Negotiations will be challenging
According to industry observers, the negotiations will be challenging and could significantly influence Sri Lanka’s future trade relationship with the US. The outcome will determine whether Sri Lankan exports will face an additional 12.5 per cent duty, a move that could place considerable pressure on exporters already navigating global economic uncertainty.

The US is scheduled to conduct a public hearing on July 7 as part of its review process. Recently, Washington expanded its scrutiny to 60 countries over concerns that they may be importing products manufactured using forced labour.
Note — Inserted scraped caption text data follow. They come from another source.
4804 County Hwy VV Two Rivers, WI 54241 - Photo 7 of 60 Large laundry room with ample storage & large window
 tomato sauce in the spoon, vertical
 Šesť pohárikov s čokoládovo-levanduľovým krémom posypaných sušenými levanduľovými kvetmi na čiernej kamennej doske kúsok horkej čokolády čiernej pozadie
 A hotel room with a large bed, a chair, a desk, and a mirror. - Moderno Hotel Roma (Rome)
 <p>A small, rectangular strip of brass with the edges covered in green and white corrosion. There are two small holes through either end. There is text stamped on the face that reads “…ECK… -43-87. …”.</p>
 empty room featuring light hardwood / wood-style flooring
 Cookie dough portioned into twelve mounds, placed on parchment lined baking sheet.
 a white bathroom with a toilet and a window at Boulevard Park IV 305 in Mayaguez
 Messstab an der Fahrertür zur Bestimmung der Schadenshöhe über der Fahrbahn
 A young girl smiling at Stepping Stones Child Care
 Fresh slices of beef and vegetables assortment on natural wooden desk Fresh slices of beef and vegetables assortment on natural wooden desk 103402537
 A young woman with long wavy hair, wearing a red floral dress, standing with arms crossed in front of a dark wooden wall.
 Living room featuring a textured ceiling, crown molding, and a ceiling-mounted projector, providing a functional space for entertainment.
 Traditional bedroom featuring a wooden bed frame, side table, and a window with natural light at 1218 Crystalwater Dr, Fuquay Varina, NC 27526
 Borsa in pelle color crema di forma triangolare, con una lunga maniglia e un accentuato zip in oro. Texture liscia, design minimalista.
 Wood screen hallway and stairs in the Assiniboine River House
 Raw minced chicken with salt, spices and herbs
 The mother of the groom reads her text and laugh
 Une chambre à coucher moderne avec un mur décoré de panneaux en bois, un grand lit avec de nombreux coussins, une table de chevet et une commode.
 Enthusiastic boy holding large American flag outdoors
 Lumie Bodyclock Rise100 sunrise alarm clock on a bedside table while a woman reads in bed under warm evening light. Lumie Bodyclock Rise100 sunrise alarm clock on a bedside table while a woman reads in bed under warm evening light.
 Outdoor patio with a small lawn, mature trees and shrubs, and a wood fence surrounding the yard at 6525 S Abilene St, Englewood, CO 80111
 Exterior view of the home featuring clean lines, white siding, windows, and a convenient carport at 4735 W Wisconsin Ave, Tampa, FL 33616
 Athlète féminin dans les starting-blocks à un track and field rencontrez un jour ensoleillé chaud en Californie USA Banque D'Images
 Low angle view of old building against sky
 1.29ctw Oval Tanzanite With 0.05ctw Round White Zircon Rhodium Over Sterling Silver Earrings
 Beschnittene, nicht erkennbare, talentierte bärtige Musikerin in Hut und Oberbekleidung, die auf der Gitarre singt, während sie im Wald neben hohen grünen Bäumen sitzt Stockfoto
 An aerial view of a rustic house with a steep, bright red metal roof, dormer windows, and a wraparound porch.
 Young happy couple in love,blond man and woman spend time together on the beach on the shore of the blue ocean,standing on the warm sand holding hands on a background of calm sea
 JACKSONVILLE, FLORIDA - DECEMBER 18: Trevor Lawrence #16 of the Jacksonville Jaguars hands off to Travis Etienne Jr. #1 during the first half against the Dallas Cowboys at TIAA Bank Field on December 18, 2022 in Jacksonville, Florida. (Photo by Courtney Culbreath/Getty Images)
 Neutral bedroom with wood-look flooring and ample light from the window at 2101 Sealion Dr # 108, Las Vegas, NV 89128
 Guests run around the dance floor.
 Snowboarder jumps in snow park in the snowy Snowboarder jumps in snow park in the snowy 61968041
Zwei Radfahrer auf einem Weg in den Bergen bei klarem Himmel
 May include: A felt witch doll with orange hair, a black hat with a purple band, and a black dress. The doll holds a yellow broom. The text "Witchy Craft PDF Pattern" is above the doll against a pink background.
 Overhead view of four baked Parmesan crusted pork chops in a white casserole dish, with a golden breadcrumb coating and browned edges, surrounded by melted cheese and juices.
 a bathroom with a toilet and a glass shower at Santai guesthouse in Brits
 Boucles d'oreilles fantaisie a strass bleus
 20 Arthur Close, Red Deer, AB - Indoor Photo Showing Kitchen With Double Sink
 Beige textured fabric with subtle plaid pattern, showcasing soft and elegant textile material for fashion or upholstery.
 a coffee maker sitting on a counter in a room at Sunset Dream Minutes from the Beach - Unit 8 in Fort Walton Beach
In its latest trade assessment, the US indicated that countries failing to restrict such imports could be subject to the proposed tariff on future exports.
Sri Lanka still has an opportunity
Trade experts believe Sri Lanka still has an opportunity to negotiate a mutually beneficial arrangement that addresses US concerns while safeguarding local export competitiveness. Discussions are expected to focus on measures that could help narrow the trade imbalance between the two countries, including increased purchases of American goods by Sri Lanka.
One area under consideration is the importation of US cotton, which is generally more expensive than supplies available from other markets. However, industry sources noted that some exporters are willing to explore greater use of US cotton if it results in improved market access and tariff concessions for Sri Lankan products entering the American market.
The Ceylon Chamber of Commerce recently warned that imposing an additional 12.5 per cent tariff on Sri Lankan goods would create an uneven trading environment, as the measure would not apply universally to all countries exporting to the US.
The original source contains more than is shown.